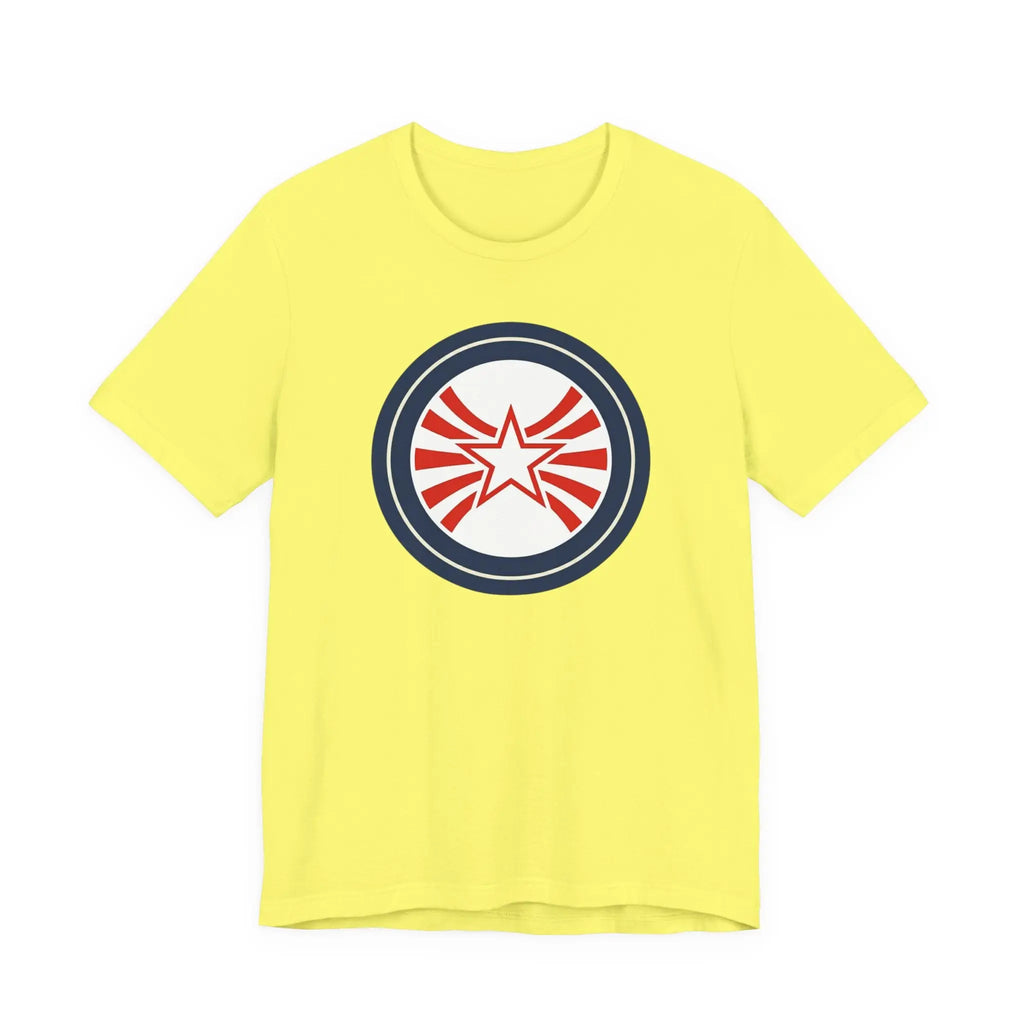 Patriotic Starburst Tee — Red, White & Blue Round Emblem T-Shirt Printify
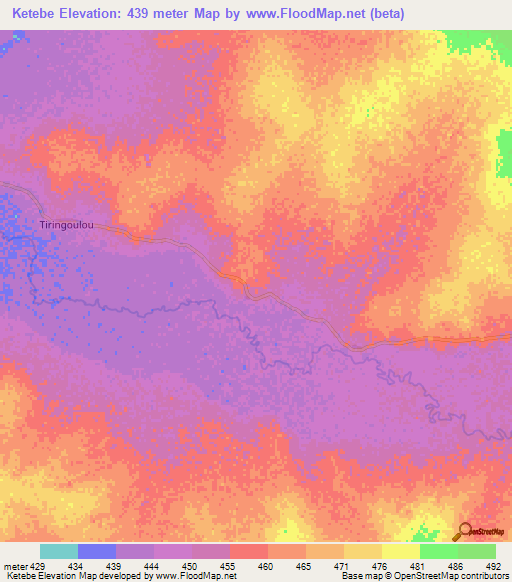 Ketebe,Central African Republic Elevation Map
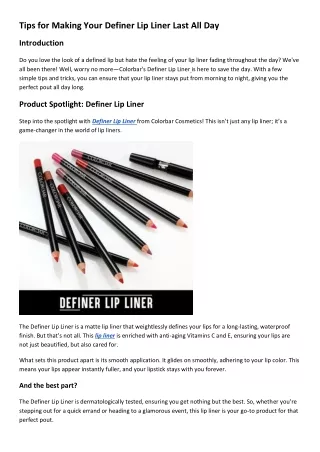 Tips for Making Your Definer Lip Liner Last All Day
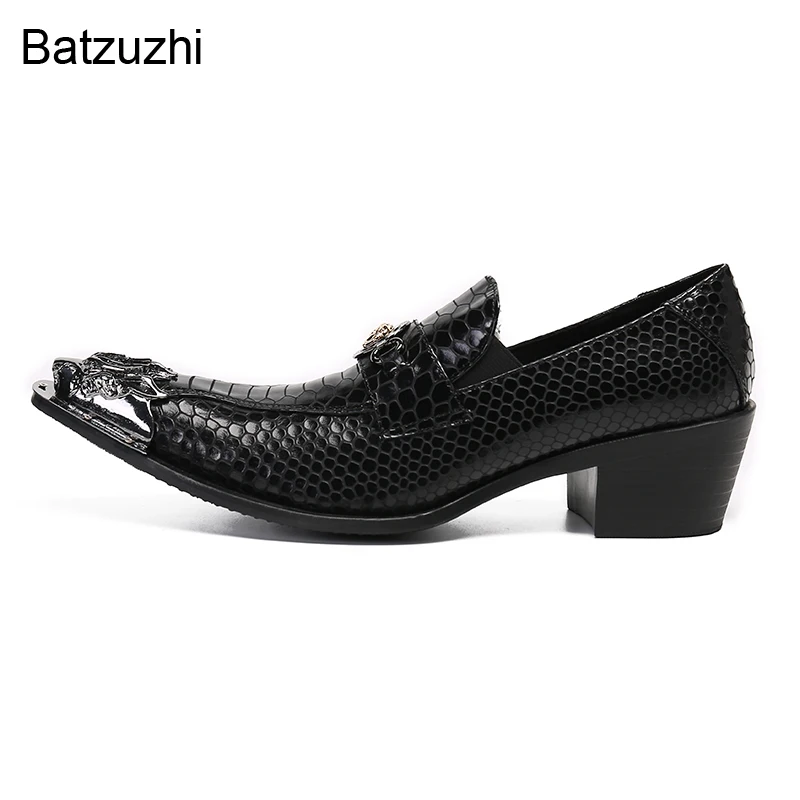 Batzuzhi 6CM obcasy zwiększają czarne prawdziwa skóry buty sukienka żelaza Toe Slip na biznes, imprezę i wesele Zapatos Hombre, 38-46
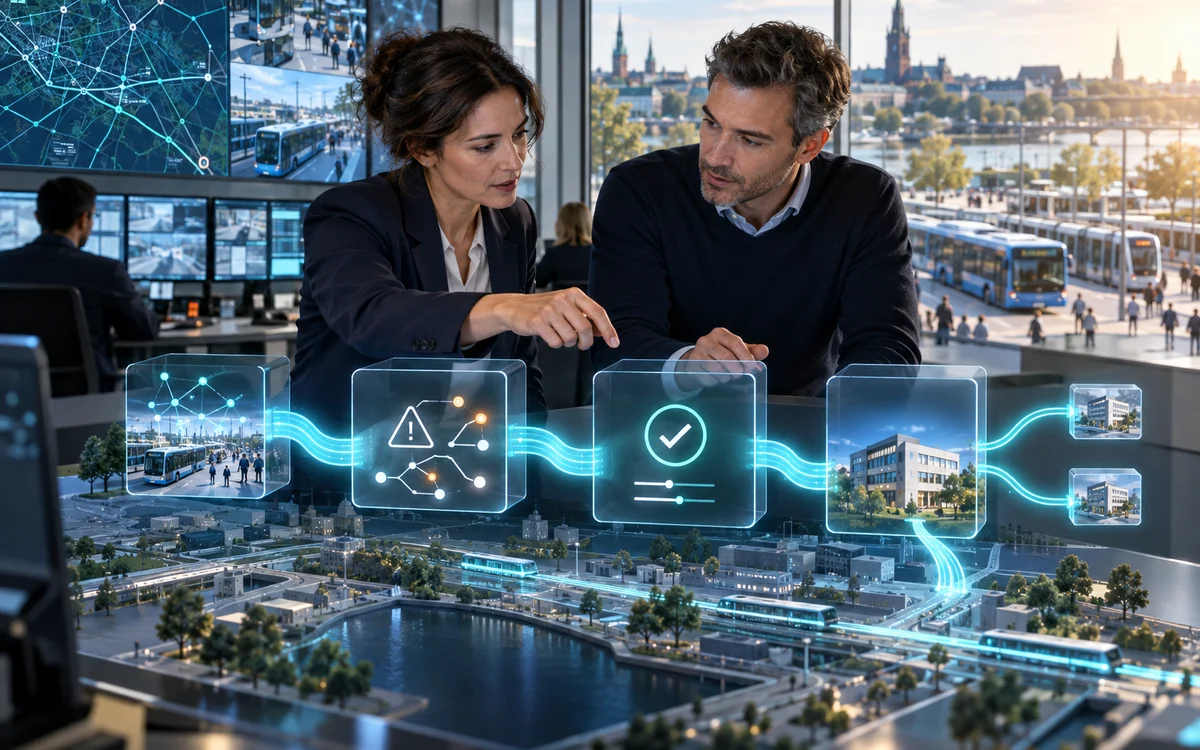 A domain expert and runtime specialist map, test and approve a mobility operation before reusing it across organisations.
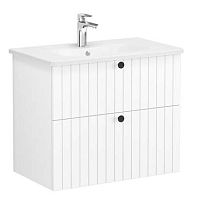 Тумба Vitra 69436 Root Groove с круглой раковиной 80х47 см, подвесная, матовый белый Тумба Vitra 69436 Root Groove с круглой раковиной 80х47 см, подвесная, матовый белый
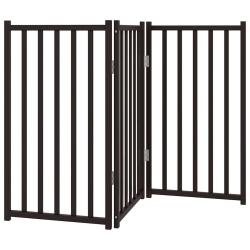 Barri&egrave;re de s&eacute;curit&eacute; pour chien animaux de compagnie pliable 3 panneaux 150 cm bois sapin massif no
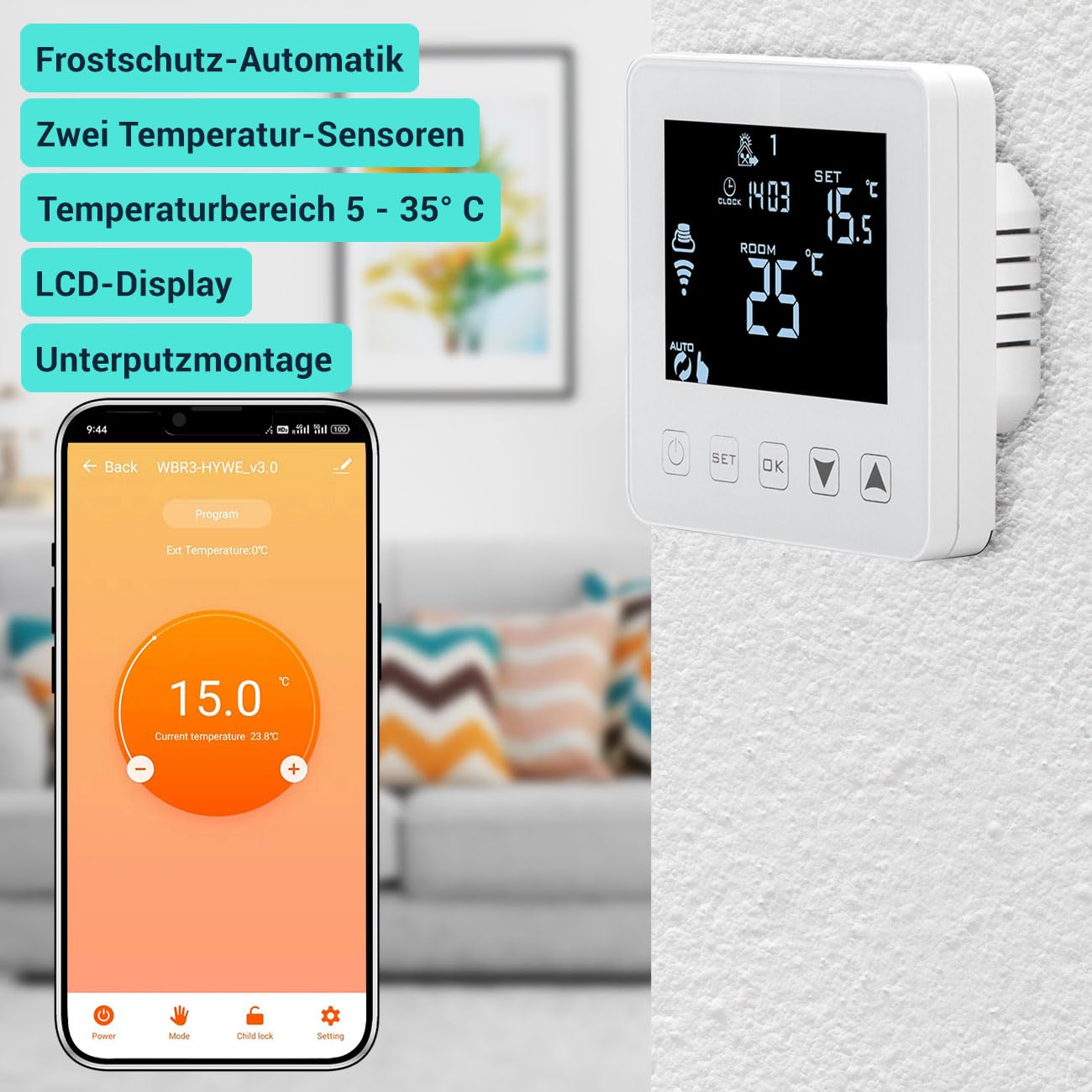Intelligentes WLAN-Thermostat Unterputz für Fussbodenheizung: App-, Sprach- & Touch-Steuerung, Siri/Alexa/GA – Komfortabel & energieeffizient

### WHAT YOU SHOULD DO
Omitting all pictures, reproduce the records above in their entirety.

### WRITTEN ANSWER
 Patriotic Starburst Tee — Red, White & Blue Round Emblem T-Shirt Printify
 Ketebe,Central African Republic Elevation Map
 Tips for Making Your Definer Lip Liner Last All Day
 Batzuzhi 6CM obcasy zwiększają czarne prawdziwa skóry buty sukienka żelaza Toe Slip na biznes, imprezę i wesele Zapatos Hombre, 38-46
 A domain expert and runtime specialist map, test and approve a mobility operation before reusing it across organisations.
 Тумба Vitra 69436 Root Groove с круглой раковиной 80х47 см, подвесная, матовый белый Тумба Vitra 69436 Root Groove с круглой раковиной 80х47 см, подвесная, матовый белый
 Barri&egrave;re de s&eacute;curit&eacute; pour chien animaux de compagnie pliable 3 panneaux 150 cm bois sapin massif no
Intelligentes WLAN-Thermostat Unterputz für Fussbodenheizung: App-, Sprach- & Touch-Steuerung, Siri/Alexa/GA – Komfortabel & energieeffizient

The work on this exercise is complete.